### Problem statement
Retype the material below exactly, from its first line through the line with "Get What's Yours"; the pictures stay out.

Segment Start: Available data

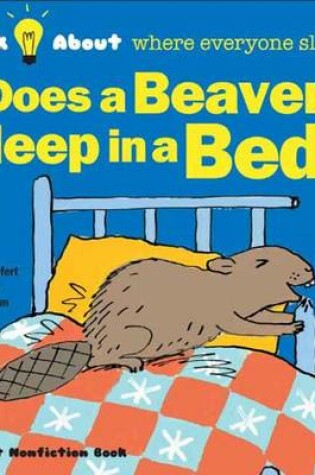 Cover of Does a Beaver Sleep in a Bed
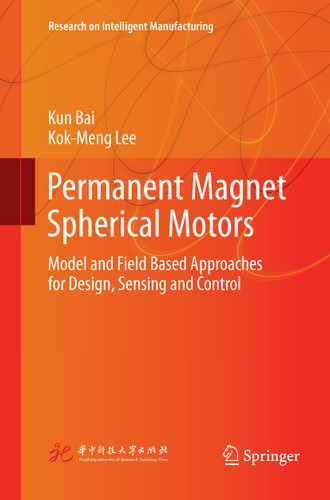 Permanent Magnet Spherical Motors: Model and Field Based Approaches for Design, Sensing and Control (Research on Intelligent Manufacturing) book cover by Kun Bai, Kok-Meng Lee
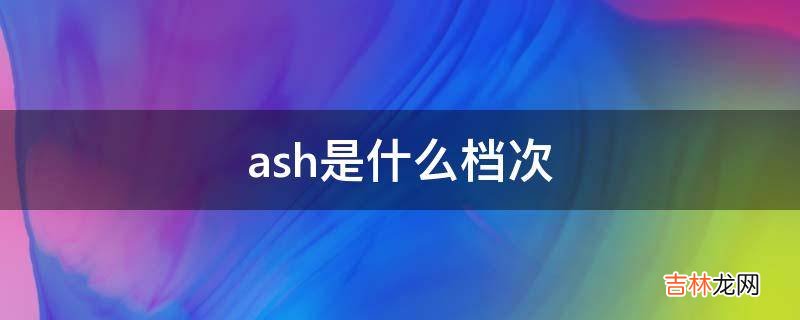 ash是什么档次?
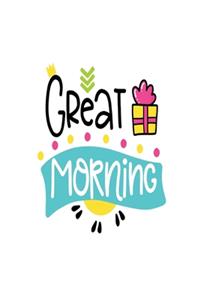 Great Morning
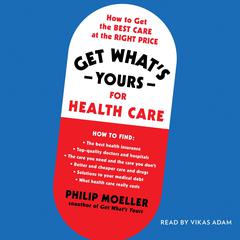 Get What's Yours for Health Care: How to Get the Best Care at the Right Price Audiobook, by Philip Moeller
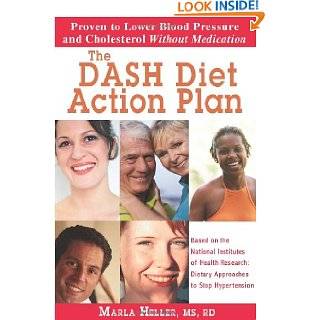 The DASH Diet Action Plan Based on the National Institutes of Health 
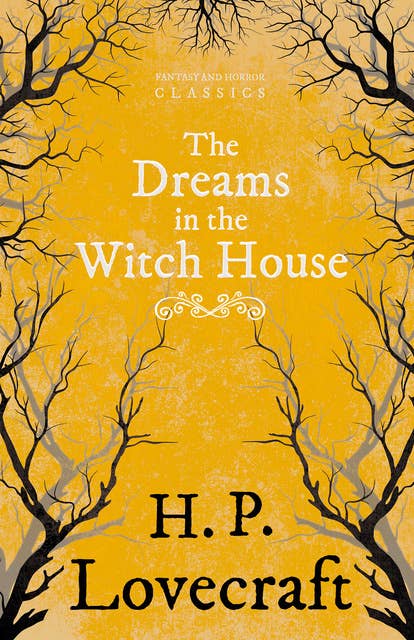 The Dreams in the Witch House: With a Dedication by George Henry Weiss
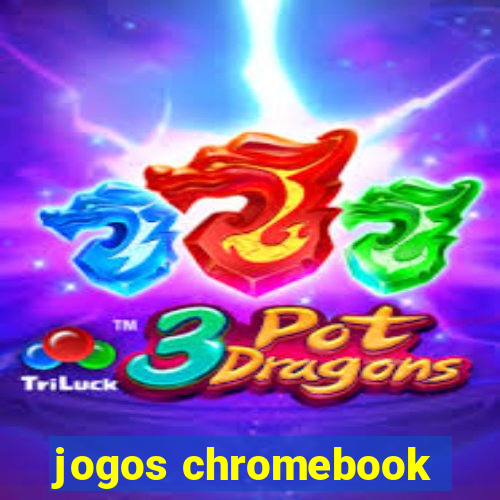 jogos chromebook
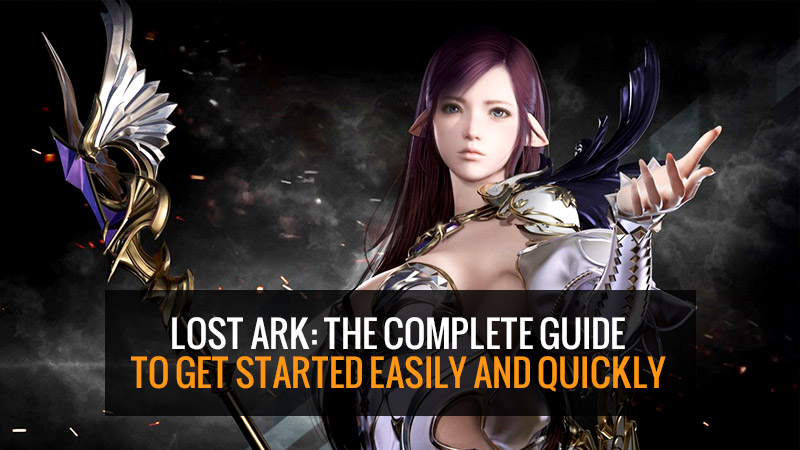 Lost Ark: The complete guide to get started easily and quickly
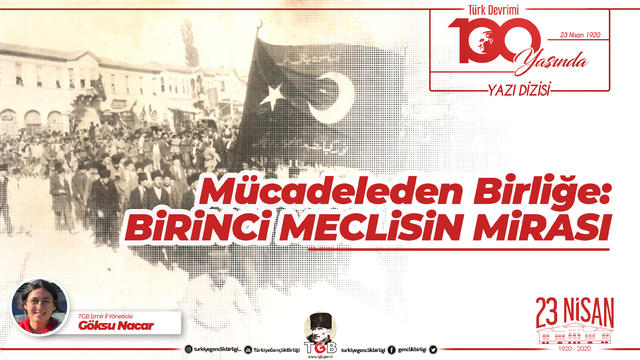 Mücadeleden Birliğe: Birinci Meclisin Mirası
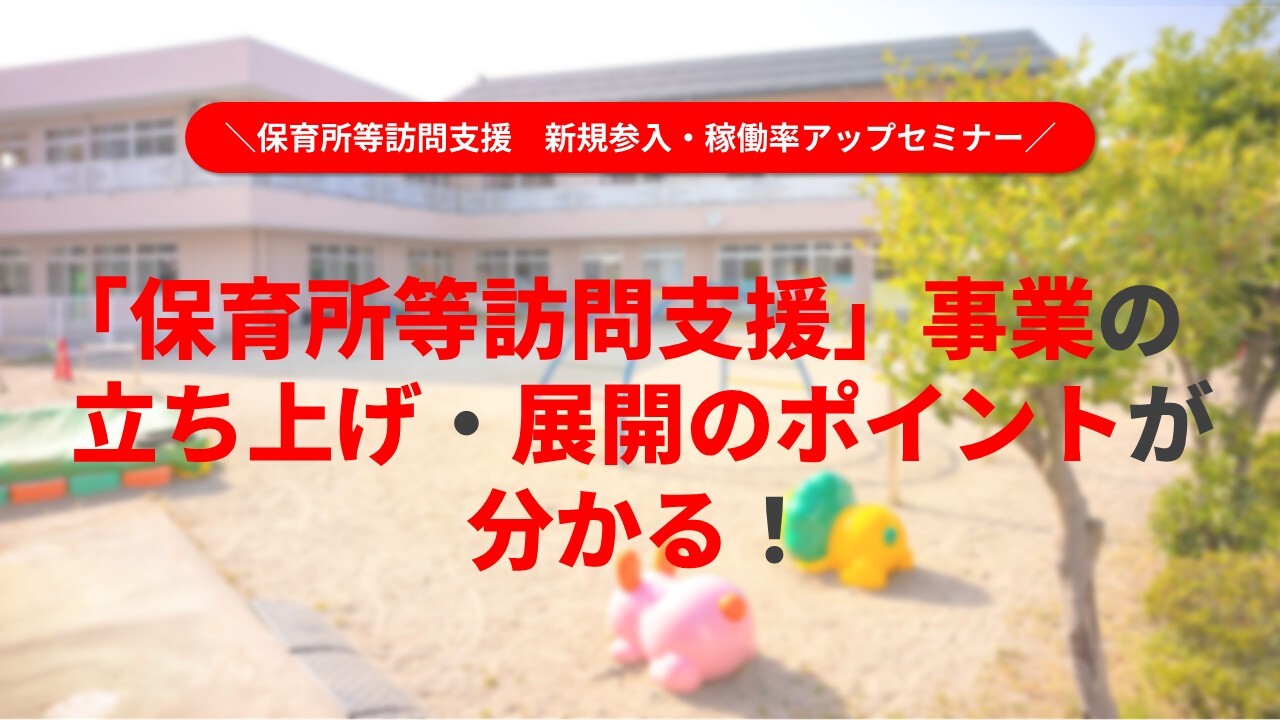 保育所等訪問支援　新規参入・稼働率アップセミナー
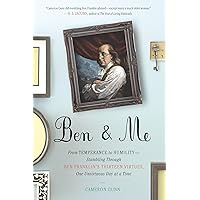 Ben & Me: From Temperance to Humility--Stumbling Through Ben Franklin's Thirteen Virtues,O ne Unvirtuous Day at a Time Ben & Me: From Temperance to Humility--Stumbling Through Ben Franklin's Thirteen Virtues,O ne Unvirtuous Day at a Time Kindle Paperback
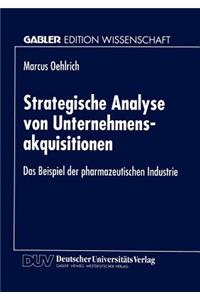 Strategische Analyse von Unternehmensakquisitionen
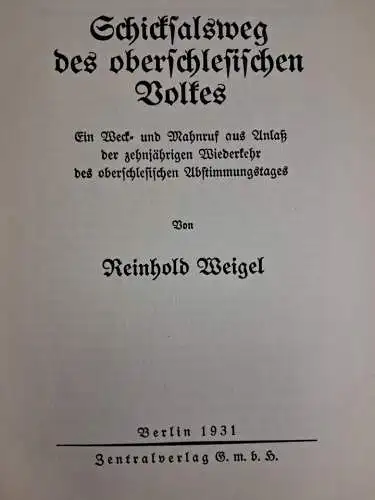 Buch: Schicksalsweg des oberschlesischen Volkes, R. Weigel, 1931, Zentralverlag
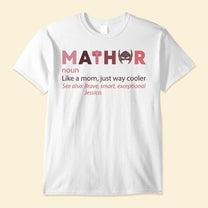 Mathor - Personalized Shirt - Birthday, Mother's Day Gift For Mother, Mathor, Mama, Mom, Grandma, Nana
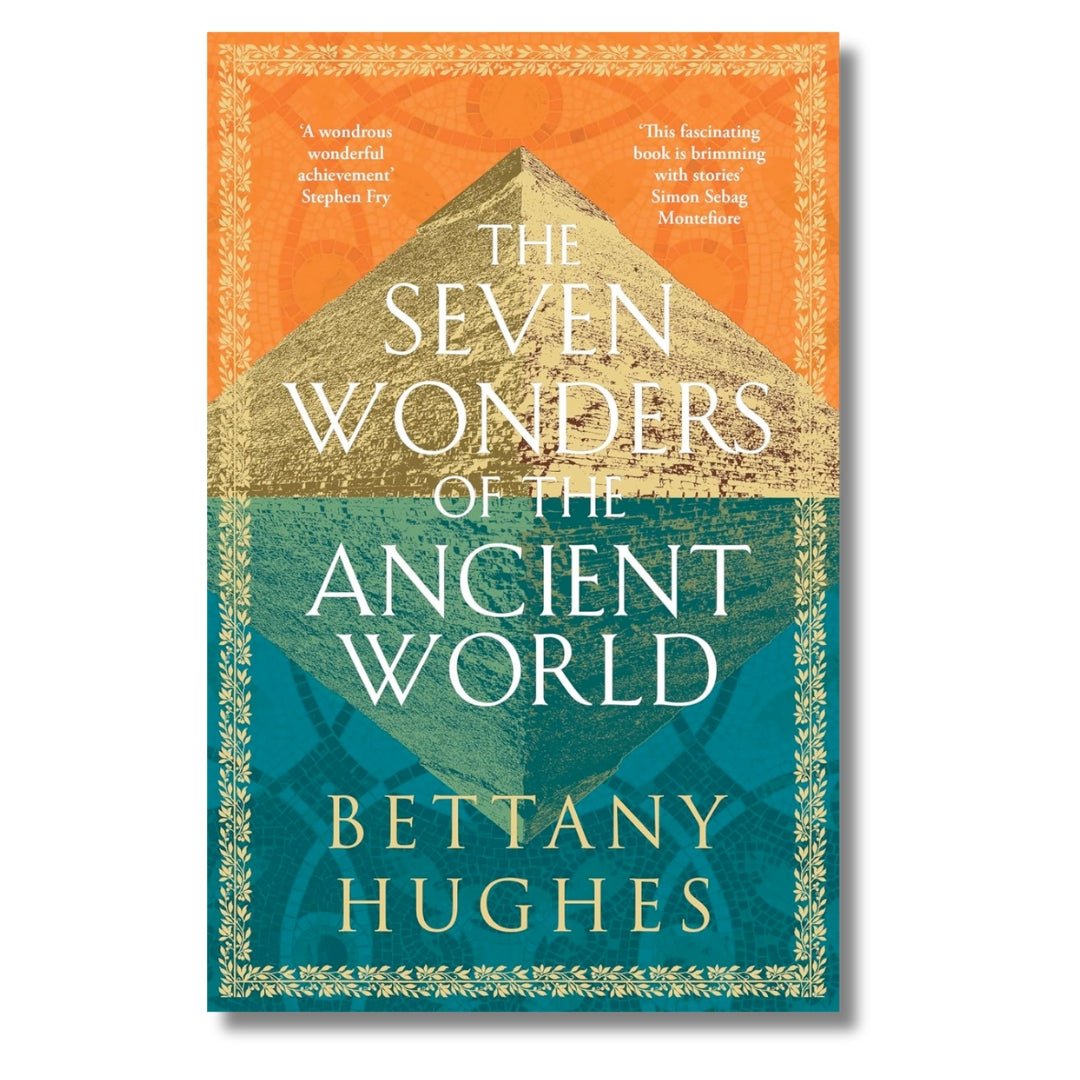 The Seven Wonders of the Ancient World by Bettany Hughes - ramblingsofasikh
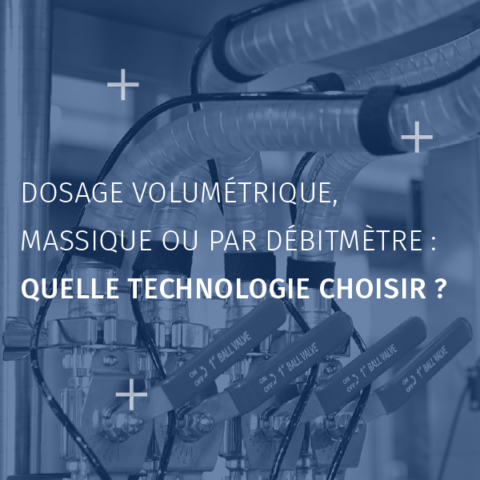 Dosage volumétrique, massique ou par débitmètre quelle technologie choisir_FR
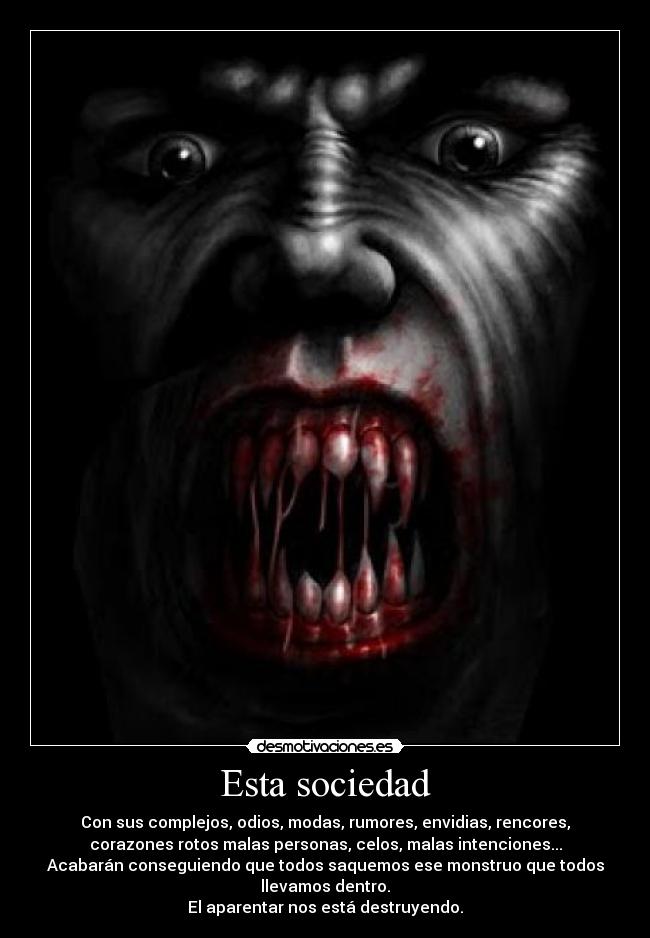 Esta sociedad - Con sus complejos, odios, modas, rumores, envidias, rencores,
corazones rotos malas personas, celos, malas intenciones...
Acabarán conseguiendo que todos saquemos ese monstruo que todos
llevamos dentro.
El aparentar nos está destruyendo.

Segment End: Available data

### Response to this exercise
 Cover of Does a Beaver Sleep in a Bed
 Permanent Magnet Spherical Motors: Model and Field Based Approaches for Design, Sensing and Control (Research on Intelligent Manufacturing) book cover by Kun Bai, Kok-Meng Lee
 ash是什么档次?
 Great Morning
 Get What's Yours for Health Care: How to Get the Best Care at the Right Price Audiobook, by Philip Moeller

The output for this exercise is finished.